Baco liner
The Baco-Liner 2 in the port of Hamburg
|
||||||||||||||||||
|
||||||||||||||||||
|
||||||||||||||||||
|
||||||||||||||||||
|
||||||||||||||||||
|
Baco-Liner was the name of three special ships , so-called BACO-carriers , which could load floating cargo in space and containers on deck .
history
The system of the Baco-Liner was jointly developed at the end of the 1970s by the Bremen captain H. Möncke and the Rhein-, Maas- und See-Schiffahrtkontor (RMS) in Duisburg . The three units were built in 1979, 1980 and 1984 at Thyssen Nordseewerke GmbH .
The Baco-Liner 3 was decommissioned in 2012 and reached Alang on July 30, 2012 for demolition . Baco-Liner 2 arrived on July 7, 2013 for scrapping in Gadani, Pakistan, and Baco-Liner 1 finally followed there on September 17, 2013.
The system
In contrast to lash carriers , which can load special, buoyant lighters on deck, or dock ships whose rooms are open at the top or whose hatches do not have to be permanently closed with hatch covers after loading , the rooms of the Baco-Liner were permanently enclosed . The loading took place via bow doors. The ships were lowered by flooding ballast tanks so that floating cargo could be swum into the rooms . In addition to the barges belonging to the Baco-Liner transport system, of which there was space for up to twelve in the rooms, other floating cargo could also be transported, provided that the dimensions of the rooms were 144 × 9.5 × 9.5 m (L × W × H) were not exceeded.

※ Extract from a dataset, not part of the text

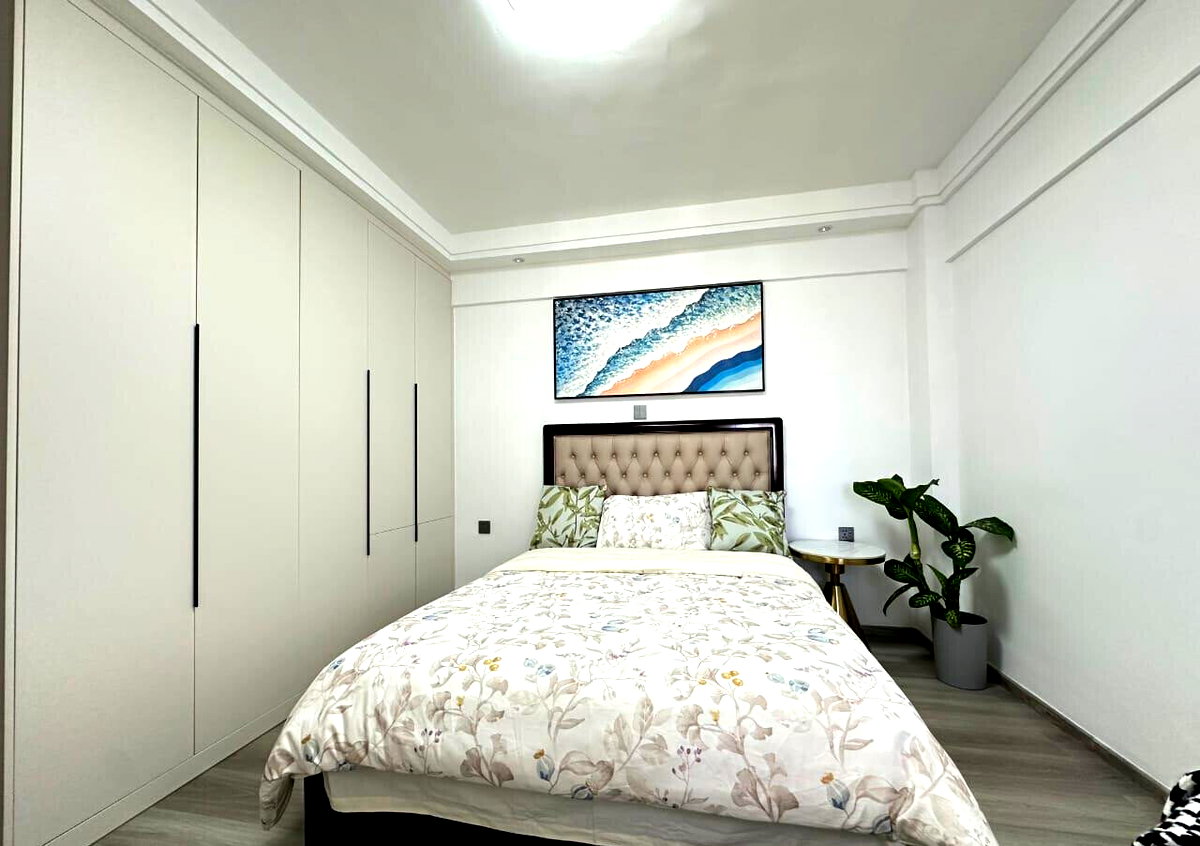 2BR Townhouse with Pool, Gym & Rooftop Football - Kilimani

In addition, up to 652 or 656 TEU could be stowed in four layers on the deck of the ships . The ships had an on-board loading crane that could lift 40 t.
The Baco-Liner system was designed for West African ports . Due to the possibility of loading and unloading the ships independently (this could also be done outside of port facilities, e.g. in roadsteads or in river mouths ), the ships were overcrowded in the West African ports, which often led to a delay in handling in the port, only slightly or not at all affected. The barges that remained in the loading and unloading ports could be loaded or unloaded when the mother ship, the Baco-Liner, had already left the port.
The ship's propulsion system consisted of an eight - cylinder two - stroke diesel engine that acted directly on a fixed propeller. For the first two Baco-Liners, an eight-cylinder two-stroke diesel engine of the type 8 L 55 GF from Burmeister & Wain with an output of 7880 kW was built in Denmark , the following Baco-Liner 3 received one from Mitsui Engineering & Shipbuilding in Tamano in Seven - cylinder engine of the type B&W 7 L 55 GFCA with 7350 kW power built under license .
The ships
Baco liner | ||||
---|---|---|---|---|
Surname | Construction year | Build number | IMO number | Whereabouts |
Baco liner 1 | 1979 | 7812115 | Decommissioned in 2013, scrapped |
|
Baco liner 2 | 1980 | 7904621 | Decommissioned in 2013, scrapped |
|
Baco liner 3 | 1984 | 8203696 | Decommissioned in 2012, scrapped |
Shipping area of the ships
The ships ran according to a fixed timetable and called at the following ports:
- West Africa:
- Nouadhibou , Mauritania
- Nouakchott , Mauritania
- San Pedro, Ivory Coast
- Takoradi , Ghana
- Lagos , Nigeria
- Calabar , Nigeria
- Port Harcourt , Nigeria
A round trip took about six weeks.
photos
Baco-Liner 1 in the dock at Blohm + Voss in Hamburg
Attack on the Baco-Liner 2
On January 20, 2007, the Baco-Liner 2 was attacked by Nigerian rebels en route to Warri, and all 24 Filipino seamen on board were abducted. The seafarers were only released after more than three weeks. The Schifffahrts-Zeitung THB - Deutsche Schiffahrts-Zeitung suspected in this connection that some kidnappers were pursuing political goals and protesting against the living conditions in the impoverished Niger Delta, while others were only after the ransom.
Web links
- Baco-Liner shipping company ( Memento from October 18, 2014 in the Internet Archive )
Individual evidence
- ↑ E. de Jong: Bremer Kapitän develops special ship in: Kehrwieder , Vol. 23, No. 6, June 1979, Association of German Shipowners , Hamburg, p. 21.
- ↑ After only 17 years to Indian dropouts ( memento of August 2, 2012 in the Internet Archive ), THB - Deutsche Schiffahrts-Zeitung , July 30, 2012. Retrieved on August 13, 2012.
- ↑ Crew members released ( memento from February 18, 2013 in the web archive archive.today ), THB - Deutsche Schiffahrts-Zeitung, February 14, 2007.